Tenant Configuration

Introduction

In a multi-tenant Grafana Loki deployment, proper tenant configuration is essential for maintaining separation between different users or organizations sharing the same Loki infrastructure. Tenant configuration allows administrators to define resource limits, retention policies, and access controls on a per-tenant basis, ensuring fair resource allocation and data isolation.

This guide will walk you through the process of configuring tenants in Loki, helping you understand the key parameters and best practices for managing a multi-tenant environment.

Understanding Tenant IDs in Loki

In Loki, each tenant is identified by a unique identifier known as a tenant ID. This ID is used throughout Loki's internal systems to segregate data and apply tenant-specific configurations.

The X-Scope-OrgID Header

Loki uses the X-Scope-OrgID HTTP header to identify tenants in API requests.

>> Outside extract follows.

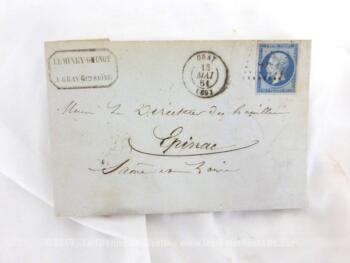 Ancienne lettre-pli de 1861 avec tampon de la poste et trace du cachet de cire, voici un courrier de 158 ans écrite de Grat pour aller jusqu'à Epinac.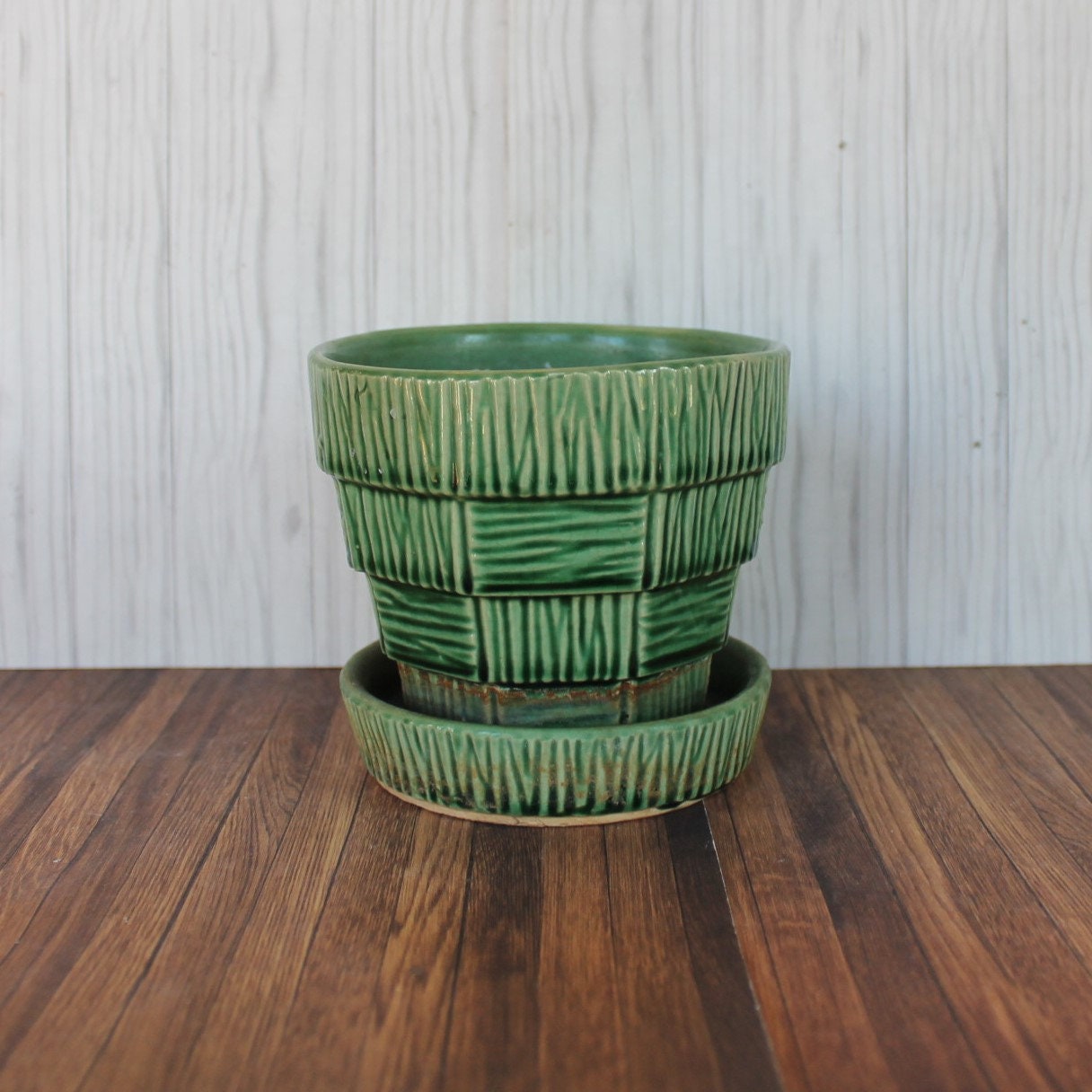 Vintage McCoy Planter Small Flower Pots Green Faux Wood Basketweave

Every request made to Loki must include this header to specify which tenant's data is being accessed or modified.

For example, when pushing logs to Loki:

curl -H "Content-Type: application/json" \
     -H "X-Scope-OrgID: tenant-123" \
     -X POST \
     -d '{
       "streams": [
         {
           "stream": {
             "job": "app",
             "level": "info"
           },
           "values": [
             [ "1630000000000000000", "log message for tenant-123" ]
           ]
         }
       ]
     }' \
     http://localhost:3100/loki/api/v1/push

In this example, the log data is associated with the tenant identified by tenant-123.

Tenant Configuration in Loki's Runtime Configuration

Tenant-specific configurations are defined in Loki's runtime configuration file, typically specified with the -runtime-config.file flag when starting Loki.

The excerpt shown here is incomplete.